Here are some simple steps to guide you back to your values and clarify your boundaries

1. Identify where a boundary got crossed

If you are feeling out of sorts in yourself, perhaps angry, irritable, easily judgmental and reactive toward others, anxious, over-extended or overwhelmed, most likely one of your boundaries has been crossed. Reflect back on the last week or two and start to consider where things may have started going off course and write down as many as you can identify.

2. Clarify what you want and need

What types of activities and relationships do you truly want to fill your days with? Identify and write down not only the activity or relationship, but also the big WHY underneath each one. For example, if you want to move your body in some way everyday, the big WHY underneath that might be that you value your health and well-being. If you want to make more time for your spouse or partner, the big WHY might be that you value quality time with loved ones and are aware of the impermanence of life.

3. Take ownership

Focus on your personal role and how your thoughts, actions or behaviors may have contributed to the boundary violation. Even if you’re dealing with an interpersonal exchange with someone else during which you feel that they stepped over your boundary, notice and take responsibility for whatever your part in the interaction may have been.

4. Make amends

Depending on the particular boundary that has been crossed, you may want to make amends with another, or simply with yourself. For example, if you recognize that you have said ‘yes’ to too many things where your truth was actually a ‘no,’ re-commit to yourself that you will pause, go more slowly and evaluate every choice before giving someone a response. If you are dealing with an interpersonal situation, you might go to that person and let them know directly that you aren’t pleased with how something went and you want to start by taking responsibility for yourself and how you handled the situation.

5.Course correct

Now that you have gone through the process of identifying, clarifying, taking responsibility and making amends with regard to whatever boundary violations you may be struggling with, it’s time to course correct. In this stage of the process, I encourage you to roll up your sleeves, put on your best intuitive and scientific hat and examine what patterns, systems and structures contributed to the vulnerability that led to the boundary violation in the first place.

For example, you may start to examine how you structure your work day and choose to eliminate social media/email/text distractions so that you can feel more focused and productive during the day and more capable of spending present-centered time with your family in the evening. You might realize that you need to take Sundays as a completely unscheduled day and for some period of time if someone asks to make a date on a Sunday, your answer is ‘no.’

Although some of these examples might seem small or insignificant, the same tools and philosophy can be applied to some of life’s most challenging quandaries and relationships.

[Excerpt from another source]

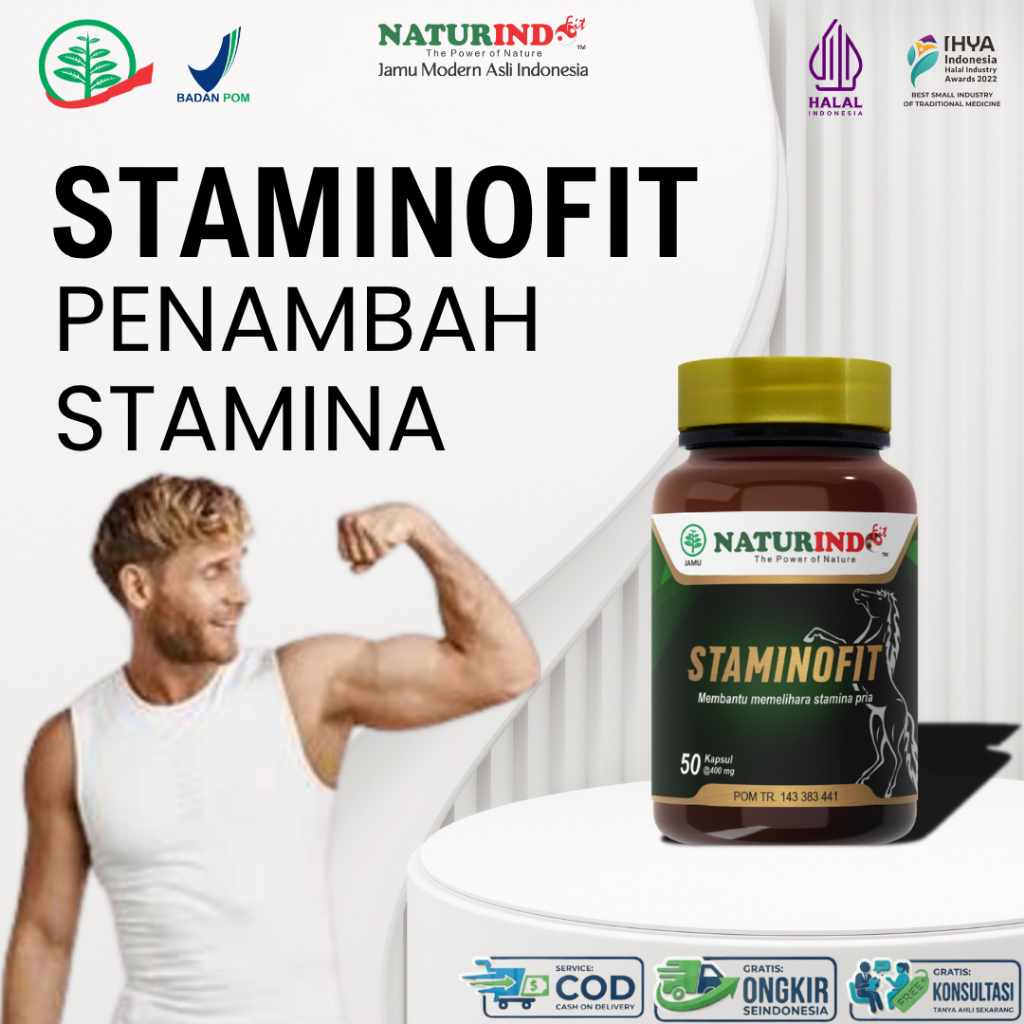 STAMINOFIT DAYA TAHAN TUBUH DAN STAMINA PRIA HERBAL NATURINDO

You are the expert on your own life and I know that if you give yourself a little bit of time and space to go through this process, there will be powerful insights and answers waiting for you on the other side.

And remember, boundaries are not in place to make us increasingly rigid, self-centered and hyper focused on every tiny last drop of time, energy, money or effort that we are allocating to things in our lives. To the contrary, clear and consistent boundaries are precisely what allow for the freedoms of adaptation, spontaneity and generosity. In other words, the more clear and respectful you can be of yourself, your time and your priorities, the more space you will have to be in the flow and to follow your instincts when it comes to new opportunities, work, play, community, family and friends.